#### [TO DO]
Make an exact copy of the listing so that no picture is carried over.

#### [RAW DATA]
*** Begin section ***

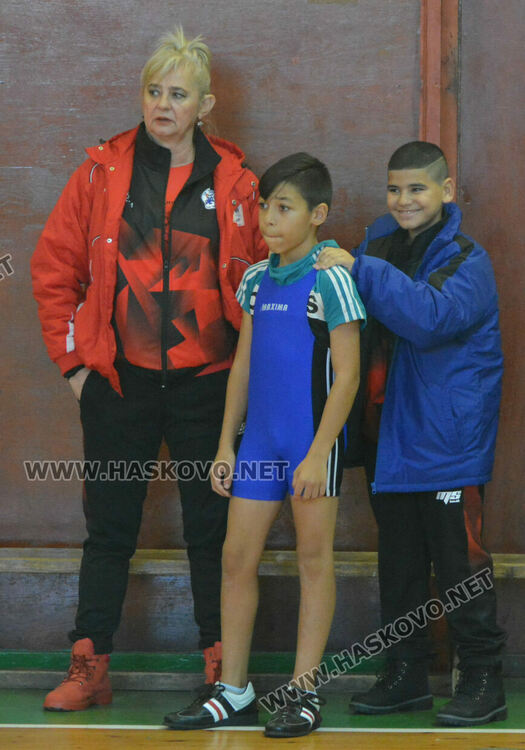 В Хасково започна Държавното лично отборно първенство по вдигане на тежести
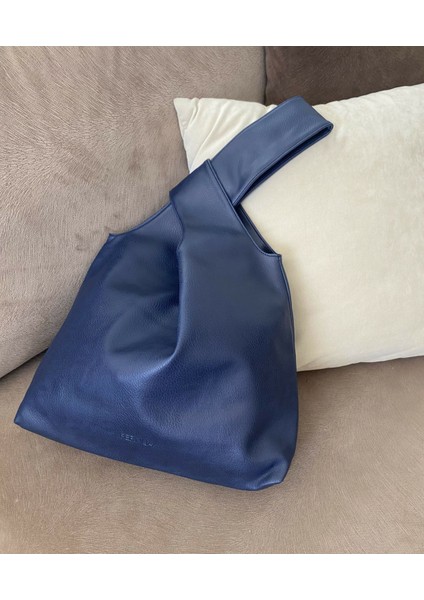Midi Pouch Bag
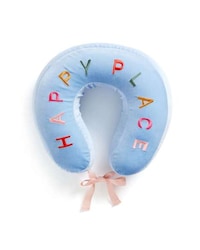Staycation-Themed Travel Accessories Image 4
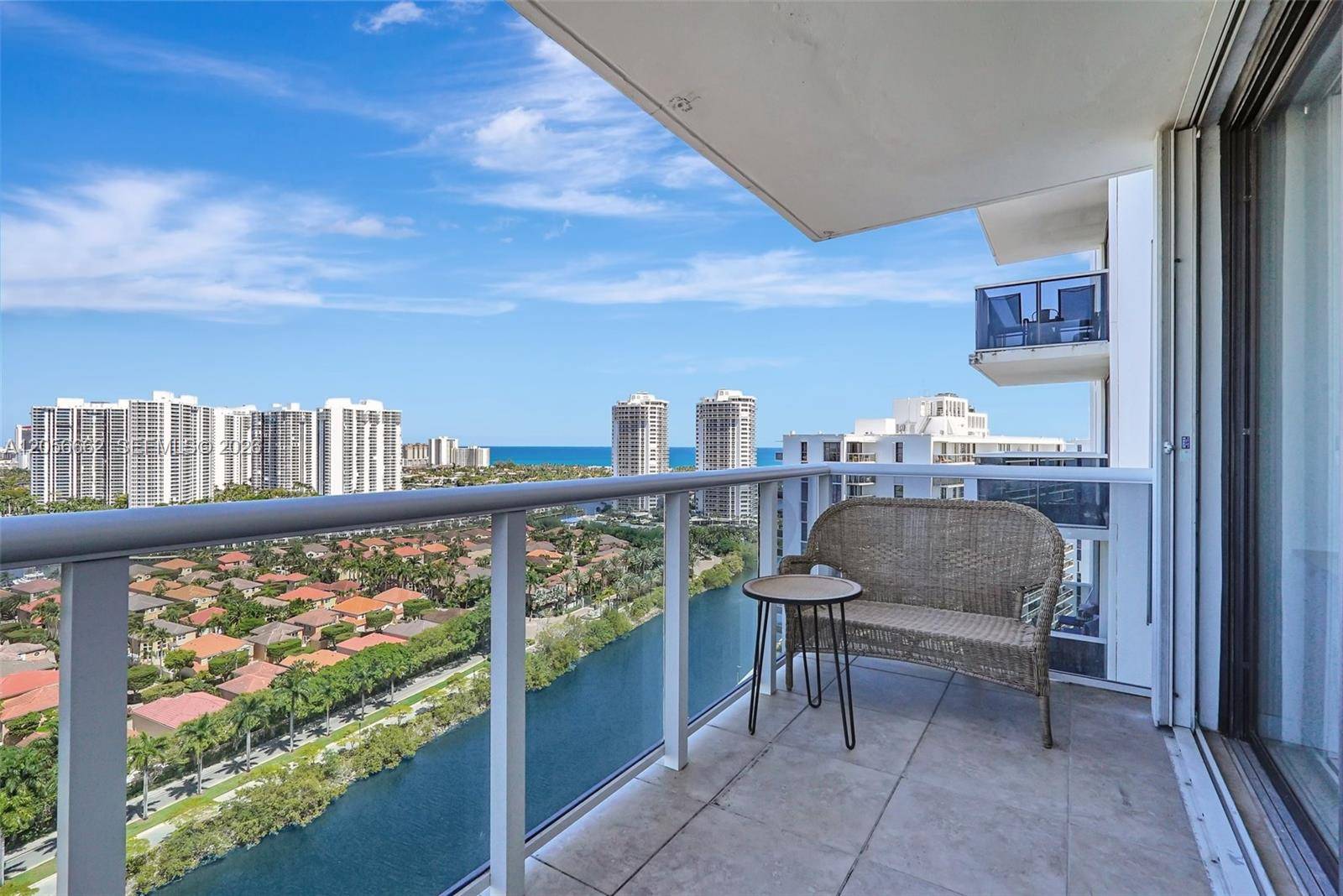 3675 N Country Club DrAventura - AVENTURA ELDORADO CONDO condo unit 2310 - picture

*** End section ***

#### [ANSWER TO THE EXERCISE]
 В Хасково започна Държавното лично отборно първенство по вдигане на тежести
Midi Pouch Bag
Staycation-Themed Travel Accessories Image 4
 3675 N Country Club DrAventura - AVENTURA ELDORADO CONDO condo unit 2310 - picture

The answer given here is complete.